A Year in Shorts Day 195: "Blindscape"

While this year’s Oscar ceremony was a complete disaster (and I will die on this hill!), the actual nominees and winners were all better than usual. Of particular note was the increased representation in regards to the disabled community; Documentary nominee Crip Cramp was directed and produced by disabled people, Live Action Short nominee Feeling Through became the first film starring a DeafBlind actor to get recognized by the Academy, and Sound of Metal had a fair amount of deaf people in its cast, even if that didn’t include its stars. I’m going to go out on a limb and say that Stephen Palmer, director of today’s short Blindscape, probably isn’t blind himself, but he still made an interesting short that tries to put you in the shoes of another person in a unique way. And isn’t that what cinema is all about?

(via IMDb)

Released in 1993, Blindscape tells the story of a blind man waking up in a forest. (How exactly he got there is never explained, and not really important.) As the man relies on his senses to make his way out, the audience is mostly kept privy to only the surroundings he's aware of. Generally we can only see what he feels or hears (or sometimes, what he thinks he hears), and typically the things he's touching are in color while everything else is in black-and-white. As far as concepts go, it's a pretty neat one. An animated film is never really going to be able to give a viewer a real idea of what it's like to be blind (as a visual medium, film isn't really suited for that), but Stephen Palmer makes a pretty good go of it here. (Be warned that there's a sequence bound to trigger seizures in viewers with epilepsy.)

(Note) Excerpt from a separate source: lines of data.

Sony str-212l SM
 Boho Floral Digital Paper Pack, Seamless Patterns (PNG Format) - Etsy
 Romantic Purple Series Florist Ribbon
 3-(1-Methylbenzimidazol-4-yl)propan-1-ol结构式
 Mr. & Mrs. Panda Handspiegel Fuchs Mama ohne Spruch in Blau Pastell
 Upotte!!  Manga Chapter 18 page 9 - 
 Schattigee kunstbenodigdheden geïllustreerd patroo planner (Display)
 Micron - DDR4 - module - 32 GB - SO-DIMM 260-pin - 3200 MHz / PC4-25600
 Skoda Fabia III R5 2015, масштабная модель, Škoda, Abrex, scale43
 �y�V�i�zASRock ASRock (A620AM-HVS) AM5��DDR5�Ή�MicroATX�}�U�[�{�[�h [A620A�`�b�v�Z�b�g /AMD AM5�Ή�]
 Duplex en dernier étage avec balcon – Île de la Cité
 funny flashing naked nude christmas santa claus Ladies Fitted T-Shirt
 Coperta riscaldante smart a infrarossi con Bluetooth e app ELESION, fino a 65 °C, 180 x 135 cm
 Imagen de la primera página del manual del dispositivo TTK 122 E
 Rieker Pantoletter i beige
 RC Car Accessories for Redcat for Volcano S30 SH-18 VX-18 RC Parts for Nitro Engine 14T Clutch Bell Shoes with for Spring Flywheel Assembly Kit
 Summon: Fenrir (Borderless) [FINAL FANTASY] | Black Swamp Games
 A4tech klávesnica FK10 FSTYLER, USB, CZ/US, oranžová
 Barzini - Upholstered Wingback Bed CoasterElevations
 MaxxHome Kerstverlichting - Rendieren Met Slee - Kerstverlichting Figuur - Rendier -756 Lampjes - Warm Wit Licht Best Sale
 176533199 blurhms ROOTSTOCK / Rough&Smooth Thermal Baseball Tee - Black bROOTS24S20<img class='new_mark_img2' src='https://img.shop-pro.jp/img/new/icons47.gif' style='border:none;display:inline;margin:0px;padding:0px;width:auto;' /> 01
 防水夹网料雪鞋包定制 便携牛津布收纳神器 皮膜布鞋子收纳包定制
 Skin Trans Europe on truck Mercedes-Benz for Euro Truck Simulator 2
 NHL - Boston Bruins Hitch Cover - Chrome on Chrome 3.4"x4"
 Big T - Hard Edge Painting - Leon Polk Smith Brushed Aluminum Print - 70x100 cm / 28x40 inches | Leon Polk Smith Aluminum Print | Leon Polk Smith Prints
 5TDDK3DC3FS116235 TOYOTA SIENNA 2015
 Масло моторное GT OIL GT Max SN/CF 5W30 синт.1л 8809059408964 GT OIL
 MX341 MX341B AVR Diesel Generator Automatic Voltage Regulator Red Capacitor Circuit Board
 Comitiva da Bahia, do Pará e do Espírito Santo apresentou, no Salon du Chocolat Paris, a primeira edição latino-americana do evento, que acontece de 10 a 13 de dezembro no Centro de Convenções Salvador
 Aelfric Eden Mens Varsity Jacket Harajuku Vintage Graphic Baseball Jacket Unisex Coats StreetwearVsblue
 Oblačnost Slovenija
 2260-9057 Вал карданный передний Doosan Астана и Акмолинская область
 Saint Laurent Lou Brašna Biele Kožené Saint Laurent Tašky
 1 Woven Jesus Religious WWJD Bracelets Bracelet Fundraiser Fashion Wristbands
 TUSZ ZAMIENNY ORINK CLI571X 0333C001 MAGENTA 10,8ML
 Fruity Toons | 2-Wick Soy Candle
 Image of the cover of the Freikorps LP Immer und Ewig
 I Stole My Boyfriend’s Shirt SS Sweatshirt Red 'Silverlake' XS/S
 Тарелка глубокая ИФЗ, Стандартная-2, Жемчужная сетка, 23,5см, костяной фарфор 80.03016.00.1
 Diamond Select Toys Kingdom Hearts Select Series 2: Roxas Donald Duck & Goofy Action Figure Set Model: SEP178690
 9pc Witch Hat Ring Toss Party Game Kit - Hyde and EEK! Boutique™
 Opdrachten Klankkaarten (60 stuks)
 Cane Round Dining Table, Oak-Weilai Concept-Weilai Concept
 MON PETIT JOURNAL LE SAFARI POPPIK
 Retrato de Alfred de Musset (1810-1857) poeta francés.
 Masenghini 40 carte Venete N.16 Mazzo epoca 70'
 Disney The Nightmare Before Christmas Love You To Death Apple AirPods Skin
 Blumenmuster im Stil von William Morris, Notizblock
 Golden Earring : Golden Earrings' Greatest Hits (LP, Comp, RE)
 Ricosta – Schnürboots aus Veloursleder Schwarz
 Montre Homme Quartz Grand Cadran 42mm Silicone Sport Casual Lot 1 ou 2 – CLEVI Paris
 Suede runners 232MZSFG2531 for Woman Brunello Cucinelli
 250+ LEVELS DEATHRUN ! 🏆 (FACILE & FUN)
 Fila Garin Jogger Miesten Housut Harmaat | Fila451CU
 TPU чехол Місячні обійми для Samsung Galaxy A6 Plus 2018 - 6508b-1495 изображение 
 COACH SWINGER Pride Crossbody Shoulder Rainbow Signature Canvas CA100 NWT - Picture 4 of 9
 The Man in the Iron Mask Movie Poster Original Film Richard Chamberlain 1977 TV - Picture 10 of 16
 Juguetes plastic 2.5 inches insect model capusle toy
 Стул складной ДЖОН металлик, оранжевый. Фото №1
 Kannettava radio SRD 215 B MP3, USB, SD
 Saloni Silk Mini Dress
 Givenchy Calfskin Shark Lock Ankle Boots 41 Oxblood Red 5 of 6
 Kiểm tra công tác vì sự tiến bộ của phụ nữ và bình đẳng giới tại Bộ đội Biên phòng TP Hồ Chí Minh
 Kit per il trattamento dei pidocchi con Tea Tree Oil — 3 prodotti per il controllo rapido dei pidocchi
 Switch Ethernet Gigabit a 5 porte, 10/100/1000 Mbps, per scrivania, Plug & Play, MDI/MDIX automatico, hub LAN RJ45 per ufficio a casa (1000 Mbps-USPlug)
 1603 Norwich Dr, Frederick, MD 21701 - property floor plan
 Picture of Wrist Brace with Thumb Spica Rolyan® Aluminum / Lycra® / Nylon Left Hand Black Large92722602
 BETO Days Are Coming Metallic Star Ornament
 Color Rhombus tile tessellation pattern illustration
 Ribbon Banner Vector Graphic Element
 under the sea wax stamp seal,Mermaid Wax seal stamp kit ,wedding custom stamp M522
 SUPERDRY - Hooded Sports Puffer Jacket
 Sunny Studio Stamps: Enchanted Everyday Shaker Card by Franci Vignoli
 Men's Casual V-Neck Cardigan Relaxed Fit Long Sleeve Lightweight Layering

Of course, concept only gets you so far; execution is what's really important. And it's there where this short stumbles a bit, although not by much. Even at just eight minutes long, the film is a bit padded, often repeating the same idea a few times just for the sake of it. And while the idea behind the animation is cool, I find a lot of the animation itself fairly ugly, and the colors unpleasant. And there are some moments which are just weird, like the aforementioned seizure inducing sequence.

But in spite of all that, I do think Blindscape is a pretty good short, and certainly worth your time. It may not be a great film, but it is an interesting one, and it certainly tells its simple story in a way that's unique and effective. As Roger Ebert liked to say, movies are empathy machines, and judging by that metric, we must consider Blindscape a success.